# Sparsifying the BGE-Small Model for Embeddings

BGE models are currently state-of-the-art models for embeddings on the [MTEB Leaderboard](https://huggingface.co/spaces/mteb/leaderboard). In this notebook, we will sparsify the [bge-small-en-v1.5](https://huggingface.co/BAAI/bge-small-en-v1.5) model using [Sparsify's](https://github.com/neuralmagic/sparsify) INT8 quantization via its one-shot method. We will also evaluate its accuracy and speed improvements vs. its dense variant after sparsification.To learn more about one-shot, refer to this [guide](https://github.com/neuralmagic/sparsify/blob/main/docs/one-shot-experiment-guide.md).

In [1]:
!pip install -U deepsparse-nightly[sentence_transformers] -q
!pip install git+https://github.com/neuralmagic/sparsify.git -q
!pip install sentence-transformers evaluate -q

# Optimum DeepSparse

In order to use the Dense BGE model in Sparsify, we first have to convert it into ONNX using the Optimum DeepSparse library.

In [2]:
from optimum.deepsparse import DeepSparseModelForFeatureExtraction
from transformers.onnx.utils import get_preprocessor
from pathlib import Path

model_id = "BAAI/bge-small-en-v1.5"

# load model and convert to onnx
model = DeepSparseModelForFeatureExtraction.from_pretrained(model_id, export=True)
tokenizer = get_preprocessor(model_id)

# save onnx checkpoint and tokenizer
onnx_path = Path("bge-small-en-v1.5-dense")
model.save_pretrained(onnx_path)
tokenizer.save_pretrained(onnx_path)

Framework not specified. Using pt to export to ONNX.
Using the export variant default. Available variants are:
	- default: The default ONNX variant.
Using framework PyTorch: 2.0.0+cu117
Overriding 1 configuration item(s)
	- use_cache -> False


verbose: False, log level: Level.ERROR



('bge-small-en-v1.5-dense/tokenizer_config.json',
 'bge-small-en-v1.5-dense/special_tokens_map.json',
 'bge-small-en-v1.5-dense/vocab.txt',
 'bge-small-en-v1.5-dense/added_tokens.json',
 'bge-small-en-v1.5-dense/tokenizer.json')

# Create NPZ files

Sparsify's One-Shot is a post-training sparsification method that utilizes sampled data (~1,000 samples is satisfactory) from a calibration dataset resulting in no further training time and much faster sparsification times compared with Training-Aware Experiments.

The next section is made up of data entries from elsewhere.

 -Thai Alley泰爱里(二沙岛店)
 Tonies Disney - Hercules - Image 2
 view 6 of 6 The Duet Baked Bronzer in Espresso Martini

The samples need to be stored in the .npz format, which is a file format based on the NumPy library. In the BERT model architecture (such as in the BGE models), Sparsify one-shot requires the input_ids, attention_mask and token_type_ids of each data sample from your dataset to be stored as a dictionary prior to .npz storage. For more information, refer to the Sparsify guide.

For our example, we'll use the popular semantic textual similarity benchmark (stsb) dataset for calibration. Now, let's extract 1,000 samples from the train split and convert them to .npz:

In [3]:
import os
import numpy as np
from datasets import load_dataset
from sentence_transformers import InputExample

# Load the dataset
dataset = load_dataset("glue", "stsb", split="train")

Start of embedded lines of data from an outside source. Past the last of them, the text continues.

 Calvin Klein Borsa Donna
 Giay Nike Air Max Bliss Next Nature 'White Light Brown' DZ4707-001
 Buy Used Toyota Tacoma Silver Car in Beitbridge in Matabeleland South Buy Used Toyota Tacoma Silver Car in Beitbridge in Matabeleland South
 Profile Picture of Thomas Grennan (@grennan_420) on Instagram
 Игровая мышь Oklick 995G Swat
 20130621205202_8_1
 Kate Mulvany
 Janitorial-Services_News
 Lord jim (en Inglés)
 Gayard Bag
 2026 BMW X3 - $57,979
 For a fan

# Adjusted to get the first 1000 examples
n_examples = 1000

# Create the "data" directory if it doesn't exist
if not os.path.exists('data'):
    os.makedirs('data')

# Define a function to create NPZ dictionaries
def create_npz_data(texts, index):
    # Tokenize the texts
    inputs = tokenizer(texts, padding=True, truncation=True, max_length=512, return_tensors='pt')

    # Extract input_ids, attention_mask, and token_type_ids
    input_ids = inputs['input_ids'].cpu().numpy()[0]
    attention_mask = inputs['attention_mask'].cpu().numpy()[0]
    token_type_ids = inputs.get('token_type_ids', None)
    if token_type_ids is not None:
        token_type_ids = token_type_ids.cpu().numpy()[0]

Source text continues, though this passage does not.